First, note that you can use "sum" to concatenate lists, because +
concatenates lists in Python:
df.keywords.sum()
# out: ['a', 'b', 'c', 'c', 'd', 'a', 'b', 'c', 'd', 'b', 'c', 'g', 'h', 'i']
Then either:
import collections
collections.Counter(df.keywords.sum())
# out: Counter({'a': 2, 'b': 3, 'c': 4, 'd': 2, 'g': 1, 'h': 1, 'i': 1})
Or:
np.unique(df.keywords.sum(), return_counts=True)

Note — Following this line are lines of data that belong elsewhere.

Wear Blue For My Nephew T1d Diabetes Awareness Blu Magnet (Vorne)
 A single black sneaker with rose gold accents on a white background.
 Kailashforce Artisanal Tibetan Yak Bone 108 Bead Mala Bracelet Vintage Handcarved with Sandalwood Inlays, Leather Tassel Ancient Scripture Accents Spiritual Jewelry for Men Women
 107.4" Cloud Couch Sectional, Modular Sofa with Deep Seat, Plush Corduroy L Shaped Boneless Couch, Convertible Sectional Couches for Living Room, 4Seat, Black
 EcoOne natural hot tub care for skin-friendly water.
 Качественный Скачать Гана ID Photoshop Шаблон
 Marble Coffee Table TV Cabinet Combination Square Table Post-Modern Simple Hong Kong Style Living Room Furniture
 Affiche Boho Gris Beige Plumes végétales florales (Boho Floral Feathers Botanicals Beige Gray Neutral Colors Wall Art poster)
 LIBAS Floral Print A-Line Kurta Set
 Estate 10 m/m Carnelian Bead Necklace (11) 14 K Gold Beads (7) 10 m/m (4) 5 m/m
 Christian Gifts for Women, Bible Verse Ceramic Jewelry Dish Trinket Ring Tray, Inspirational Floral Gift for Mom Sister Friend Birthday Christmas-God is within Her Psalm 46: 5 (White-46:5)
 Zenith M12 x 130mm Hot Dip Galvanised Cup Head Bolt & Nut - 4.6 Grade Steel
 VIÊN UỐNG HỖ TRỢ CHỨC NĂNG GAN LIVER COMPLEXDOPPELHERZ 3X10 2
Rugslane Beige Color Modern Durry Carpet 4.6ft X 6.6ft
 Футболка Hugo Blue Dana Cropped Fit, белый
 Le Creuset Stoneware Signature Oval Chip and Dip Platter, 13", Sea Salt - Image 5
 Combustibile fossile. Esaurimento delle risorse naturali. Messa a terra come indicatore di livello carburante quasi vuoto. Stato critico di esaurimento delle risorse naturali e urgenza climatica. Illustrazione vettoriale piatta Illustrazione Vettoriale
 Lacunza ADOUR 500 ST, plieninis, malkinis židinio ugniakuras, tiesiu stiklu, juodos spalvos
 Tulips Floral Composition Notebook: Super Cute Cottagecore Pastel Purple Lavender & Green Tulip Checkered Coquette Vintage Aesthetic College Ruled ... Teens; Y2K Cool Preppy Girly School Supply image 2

# out: (array(['a', 'b', 'c', 'd', 'g', 'h', 'i'], dtype='<U1'), array([2, 3, 4, 2, 1, 1, 1]))
Or:
uniq = np.unique(df.keywords.sum(), return_counts=True)
pd.Series(uniq[1], uniq[0])
# out:
a 2
b 3
c 4
d 2
g 1
h 1
i 1
Or:
pd.Series(collections.Counter(df.keywords.sum()))
# out: same as previous
Performance wise it's about the same whether you use np.unique()
or collections.Counter
, because df.keywords.sum()
is actually not so fast. If you care about performance, a pure Python list flattening is much faster:
collections.Counter([item for sublist in df.keywords for item in sublist])